Estey described in detail how the shape of the economy’s structure of production is distorted by monetary inflation, creating initially a rapid expansion in the capital-goods industry. To keep the boom going, the banks and the central banks would have to advance further credits. “This further increase, however, would have to be greater than the initial one, for the general price level and the general level of incomes have now risen. . . . It is only a question of time until the changed structure becomes impossible and the former one must be restored.” Estey believed that the expansion of bank credit to finance World War II was a classic example of Hayek’s thesis, if one considers war goods as capital.
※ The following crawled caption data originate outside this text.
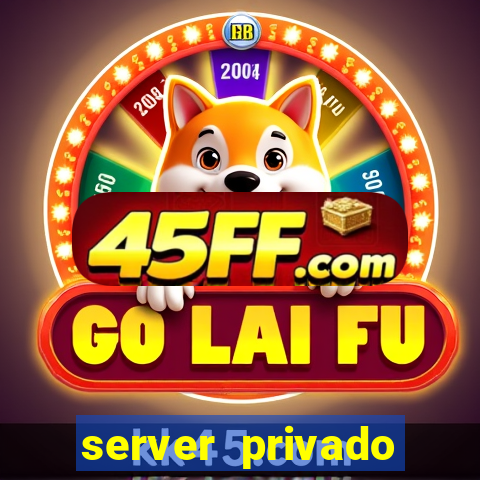 server privado shindo life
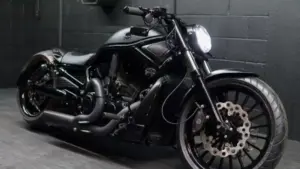 Harley-Davidson V-Rod ‘Koza’ by DD Designs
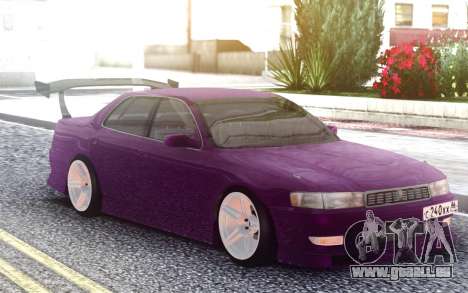 Toyota Cresta Drift Version für GTA San Andreas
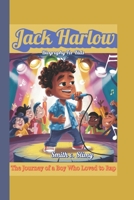 Jack Harlow Biography For Kids: The Journey of a Boy Who Loved to Rap B0DWXRXTKT Book Cover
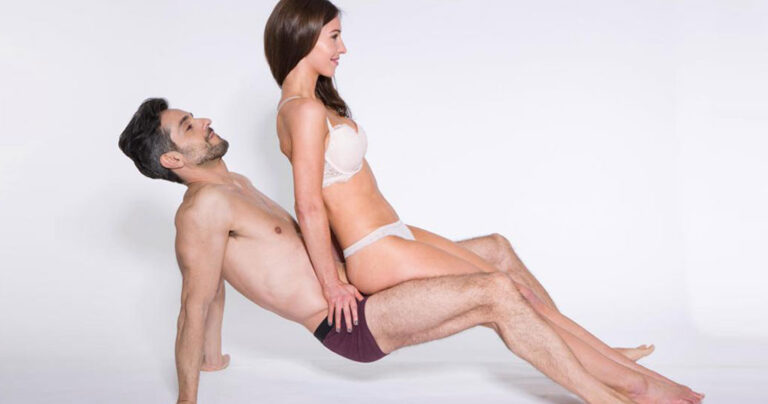 18 διασκεδαστικοί τρόποι που θα σας γυμνάσουν ενώ ερωτοτροπείτε με το άλλο σας μισό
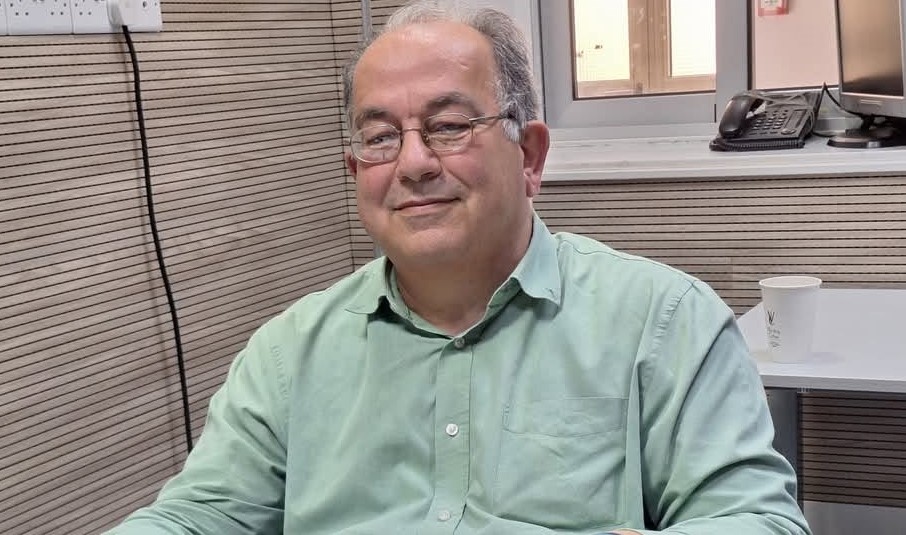 Τέλος στη συμπόρευση Πέτρου Ζαρούνα με το ΑΛΜΑ – «Επιθυμία του Οδυσσέα Μιχαηλίδη»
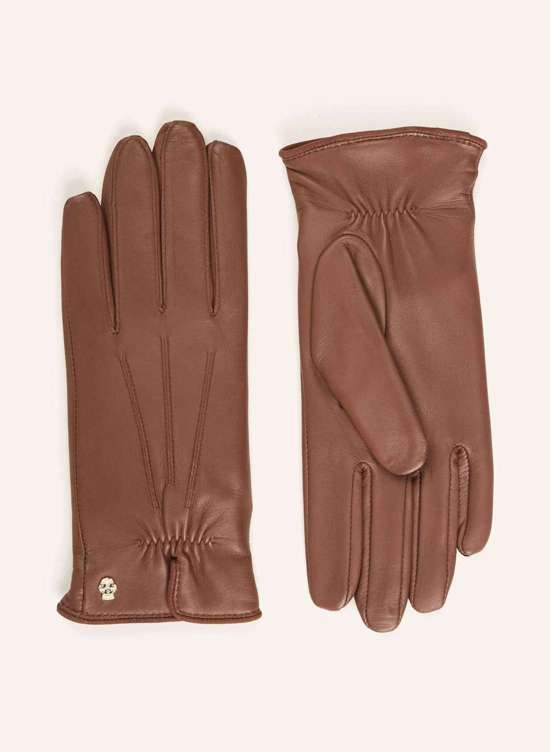 каштановый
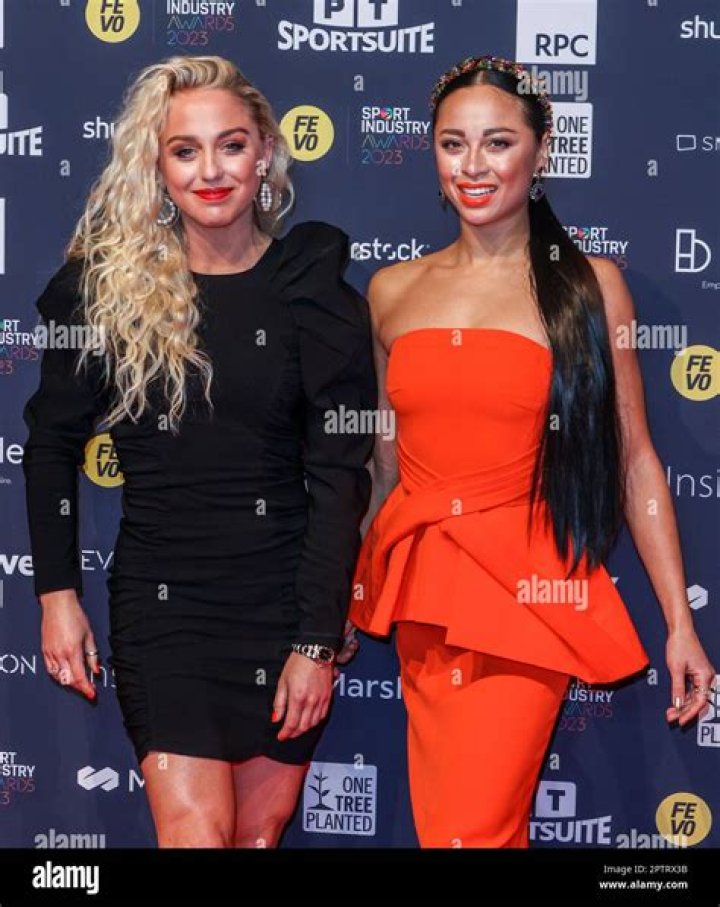 Johanna Konta Bio (Wiki) 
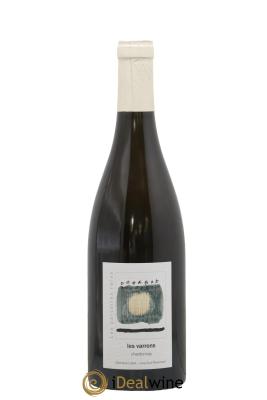 Côtes du Jura Chardonnay Les Varrons Romain - Julien  - Charline Labet
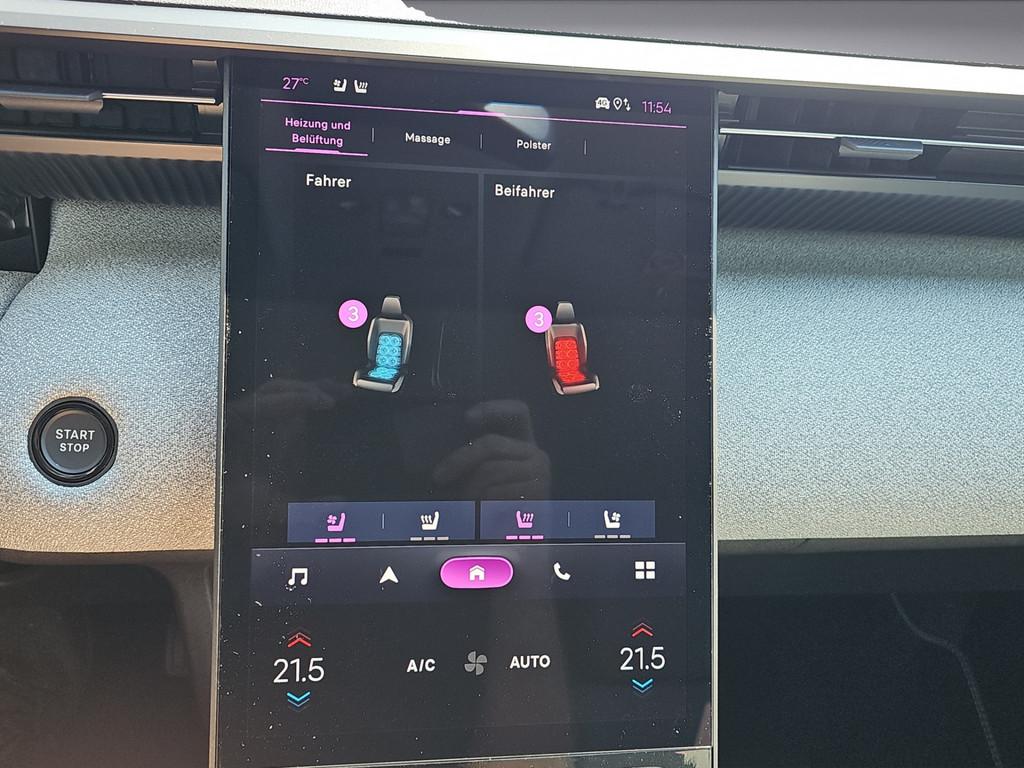 Citroën C5 Aircross 145 Hybrid PLUS W-LAN FULL-LED ACC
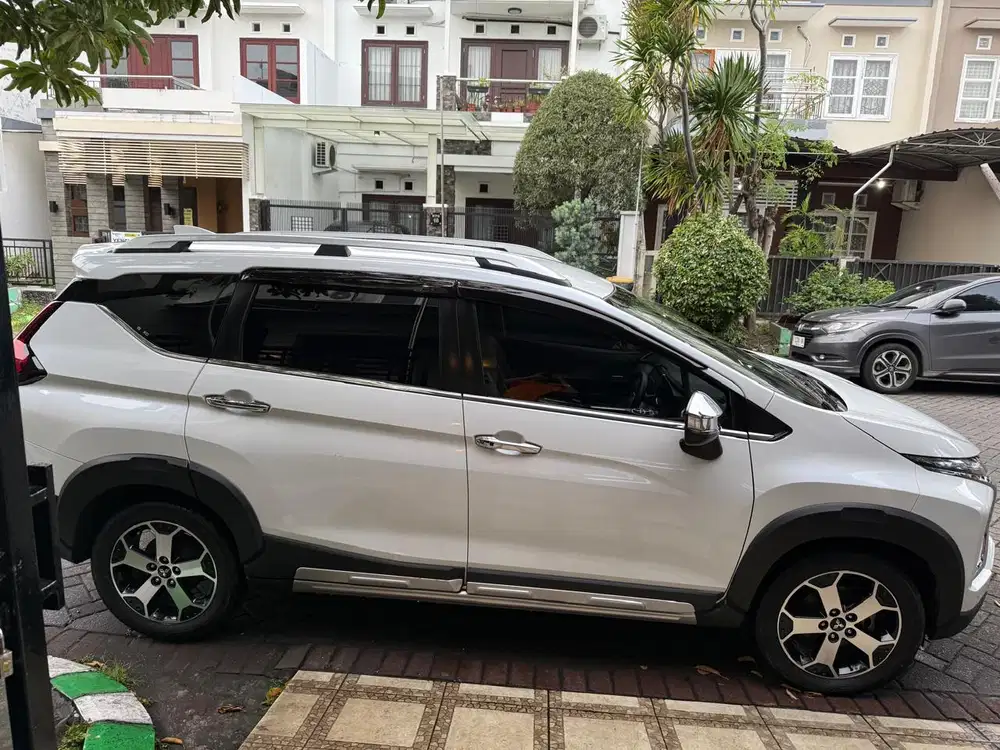 Mitsubishi Xpander 2021 Bensin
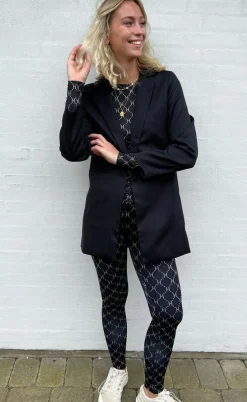 Hype The Detail Bluse - Printed - 32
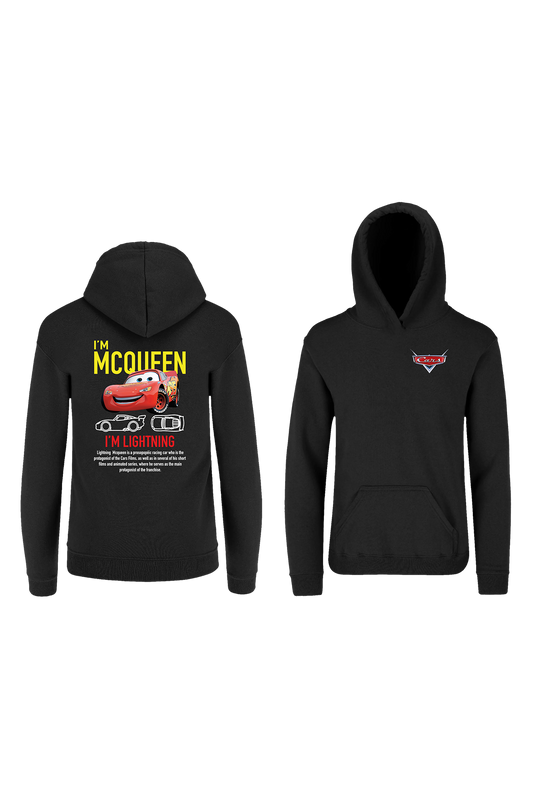 Sudadera Cars
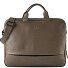 City Lights Valigetta Vera Pelle 40 cm Vano porta PC Variante stone grey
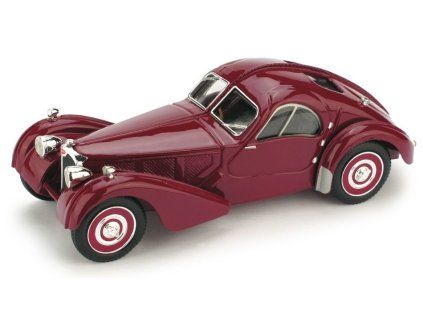 0062260 bugatti atlantic 1938 amaranto 1 43
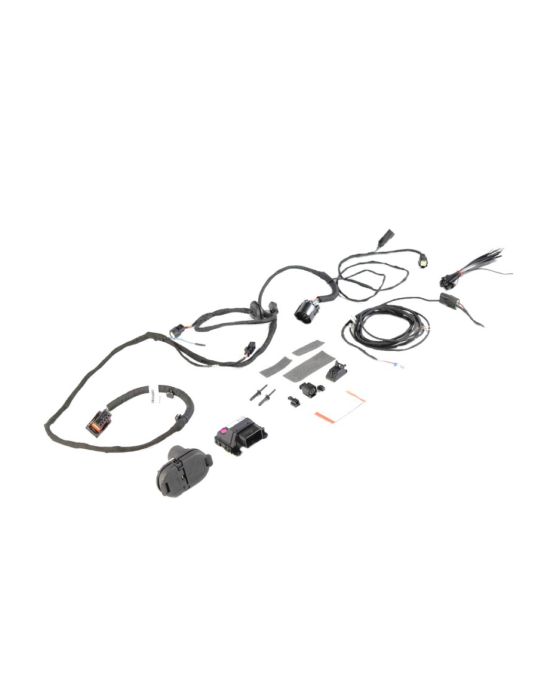 Genuine Mopar Trailer Wiring Harness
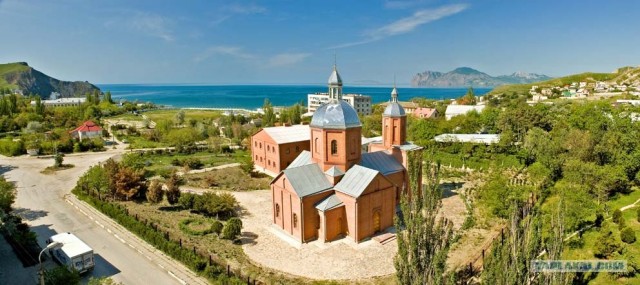 Крым, лучшее место в мире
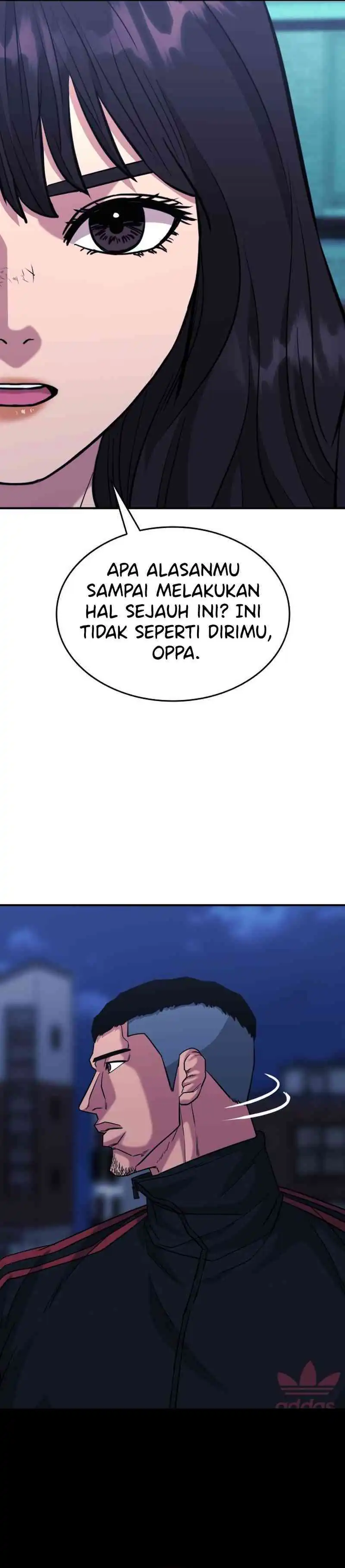 High School Gangsters Chapter 48 halaman 33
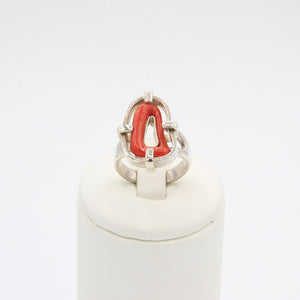 Idealistic Woman Ring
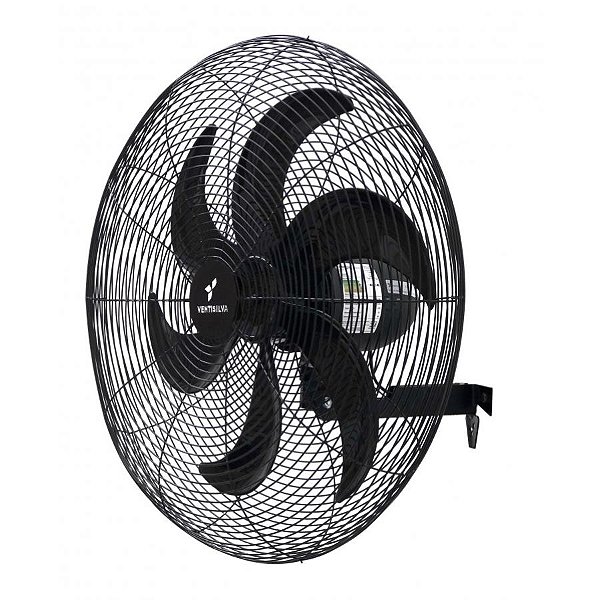 VENTILADOR DE PAREDE 65CM VPL PRETO VENTISILVA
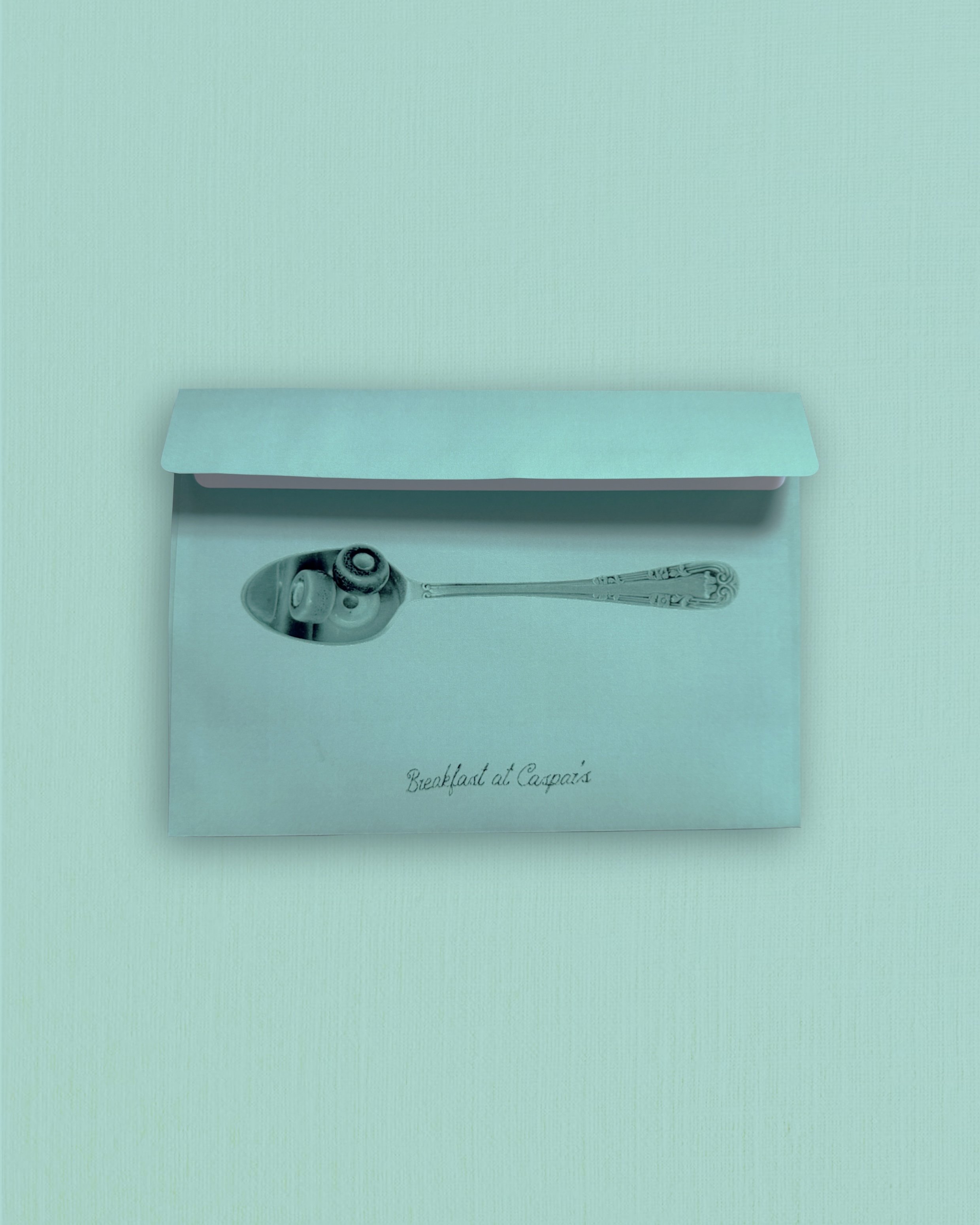 Caspar’s Mail Club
Why did the 1930s depression last so long? Estey gave his explanation in strictly Austrian terms:
Theoretically, there should be a steady transfer of workers and nonspecific capital from the abandoned higher stages to these lower ones. In fact, this process is slow. Shorter processes still have to be started from the beginning. Goods still have to pass through the necessary steps. In addition, it is possible only gradually, as successive stages are reached in the passage of goods to the consumer, to absorb the labor and nonspecific capital released from longer and more roundabout processes. Moreover, this delay is increased by the uncertainty of producers in respect to appropriate methods in the shortened process where a relatively smaller amount of capital and a relatively larger amount of labor are needed.
In brief, workers and mobile resources are released from the longer processes faster than they can be absorbed in the shorter, and the consequence is a growing volume of unemployment. . . . The attempt to restore the normal levels of consumption sets up a further disturbing factor—that is deflation and a fall in prices—which lengthens the depression and adds to the obstacles facing recovery.
Estey’s coverage of Hayek’s theory is extensive. He characterized the Hayekian model as “ingenious.”
—Mark Skousen, The Structure of Production, new rev. ed. (New York: New York University Press, 2015), 87.